----- Data extracts -----

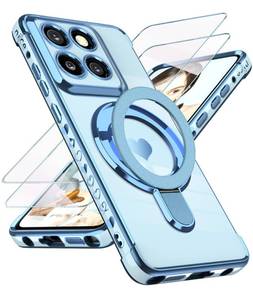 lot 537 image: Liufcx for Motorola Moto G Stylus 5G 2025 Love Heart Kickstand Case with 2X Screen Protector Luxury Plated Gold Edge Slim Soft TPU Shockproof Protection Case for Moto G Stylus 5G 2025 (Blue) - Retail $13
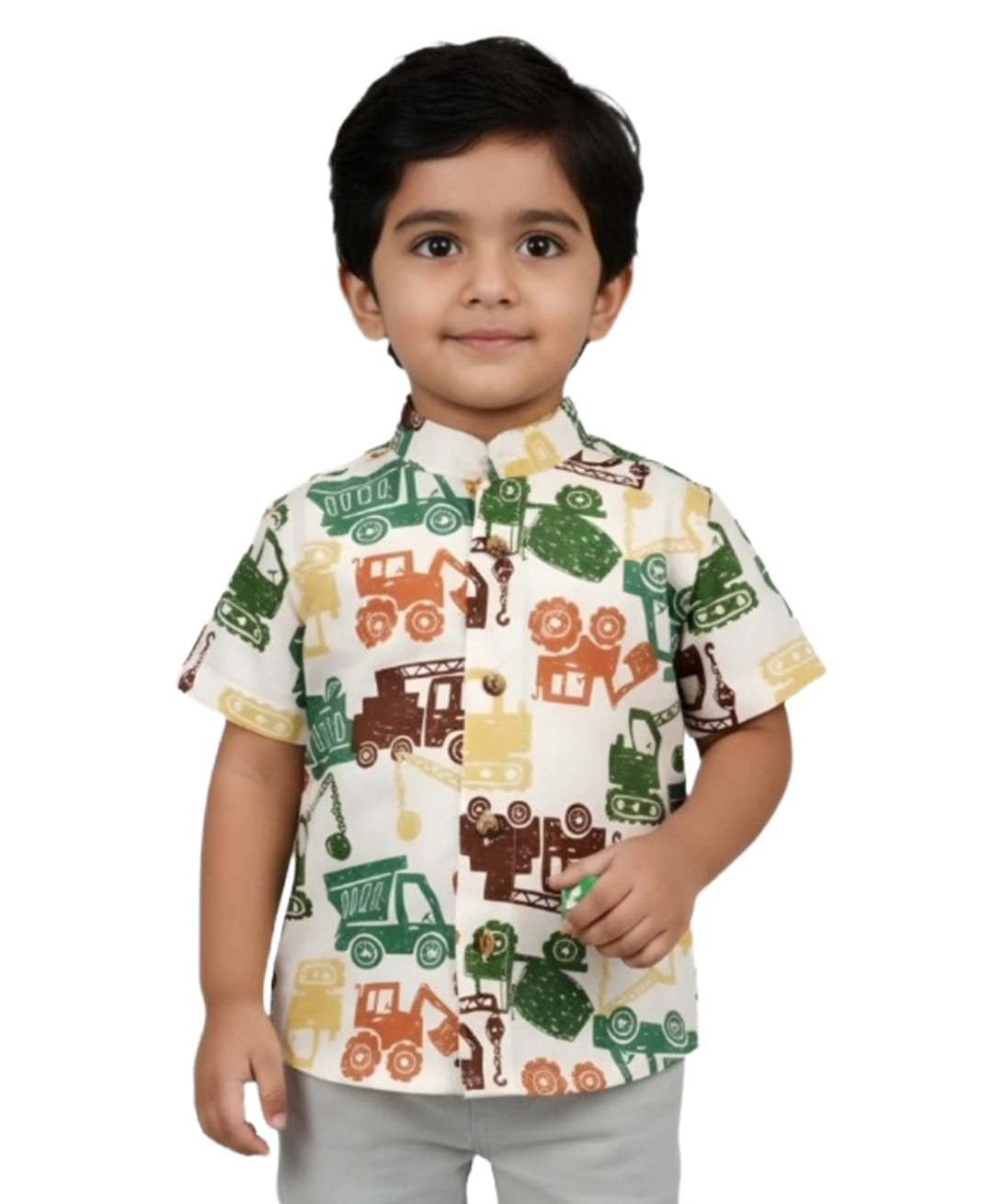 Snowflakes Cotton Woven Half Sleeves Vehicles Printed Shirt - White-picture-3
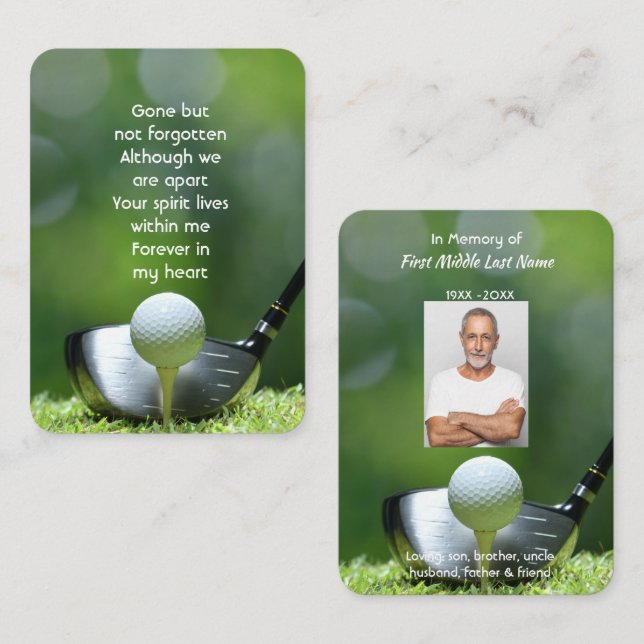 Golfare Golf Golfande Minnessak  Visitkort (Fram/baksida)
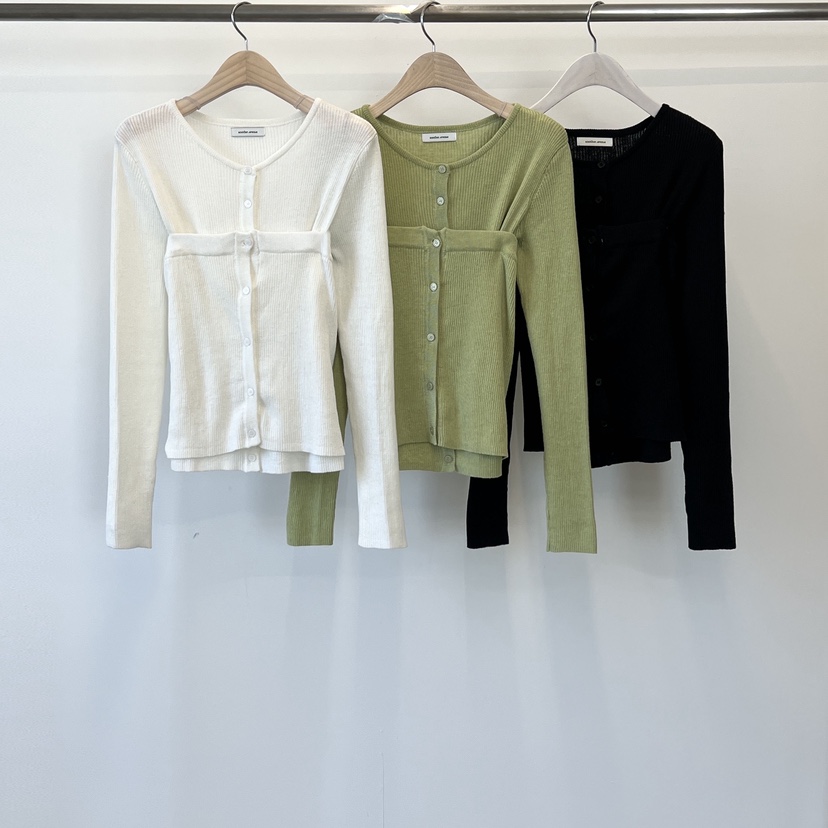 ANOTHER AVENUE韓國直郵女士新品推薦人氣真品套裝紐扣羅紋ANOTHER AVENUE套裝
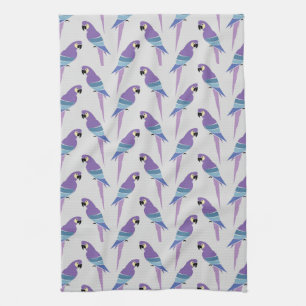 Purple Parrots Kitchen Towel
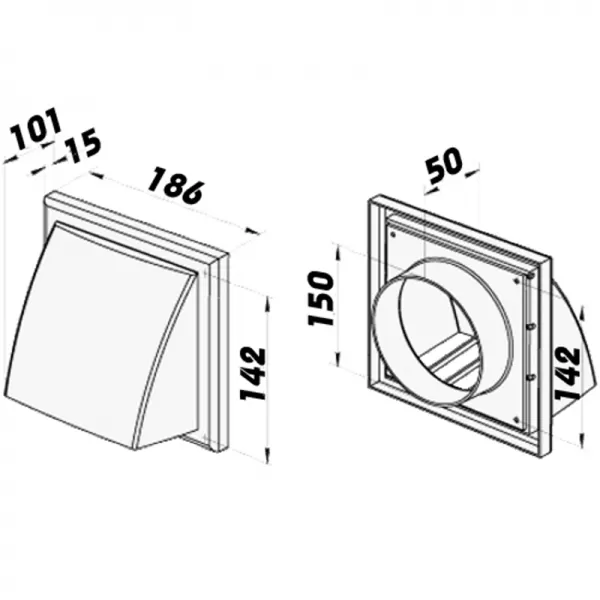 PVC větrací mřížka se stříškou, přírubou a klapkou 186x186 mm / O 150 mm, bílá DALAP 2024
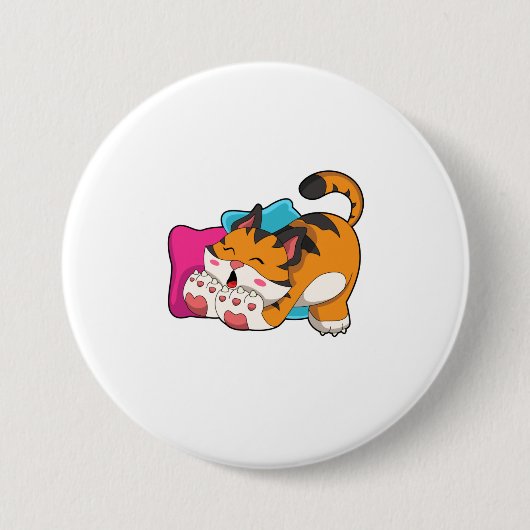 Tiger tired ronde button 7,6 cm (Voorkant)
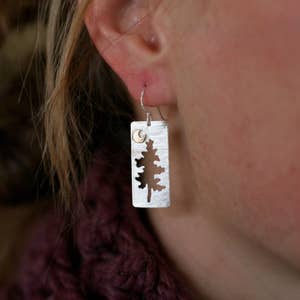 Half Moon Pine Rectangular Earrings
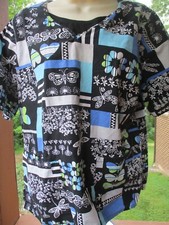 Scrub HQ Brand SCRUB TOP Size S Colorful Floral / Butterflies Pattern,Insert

-----

| Task details |
The records above are to be transcribed word for word. Skip the images.

| Answer for this exercise |
 lot 537 image: Liufcx for Motorola Moto G Stylus 5G 2025 Love Heart Kickstand Case with 2X Screen Protector Luxury Plated Gold Edge Slim Soft TPU Shockproof Protection Case for Moto G Stylus 5G 2025 (Blue) - Retail $13
 Snowflakes Cotton Woven Half Sleeves Vehicles Printed Shirt - White-picture-3
 Golfare Golf Golfande Minnessak  Visitkort (Fram/baksida)
 ANOTHER AVENUE韓國直郵女士新品推薦人氣真品套裝紐扣羅紋ANOTHER AVENUE套裝
 Purple Parrots Kitchen Towel
 PVC větrací mřížka se stříškou, přírubou a klapkou 186x186 mm / O 150 mm, bílá DALAP 2024
 Tiger tired ronde button 7,6 cm (Voorkant)
 Half Moon Pine Rectangular Earrings
 Scrub HQ Brand SCRUB TOP Size S Colorful Floral / Butterflies Pattern,Insert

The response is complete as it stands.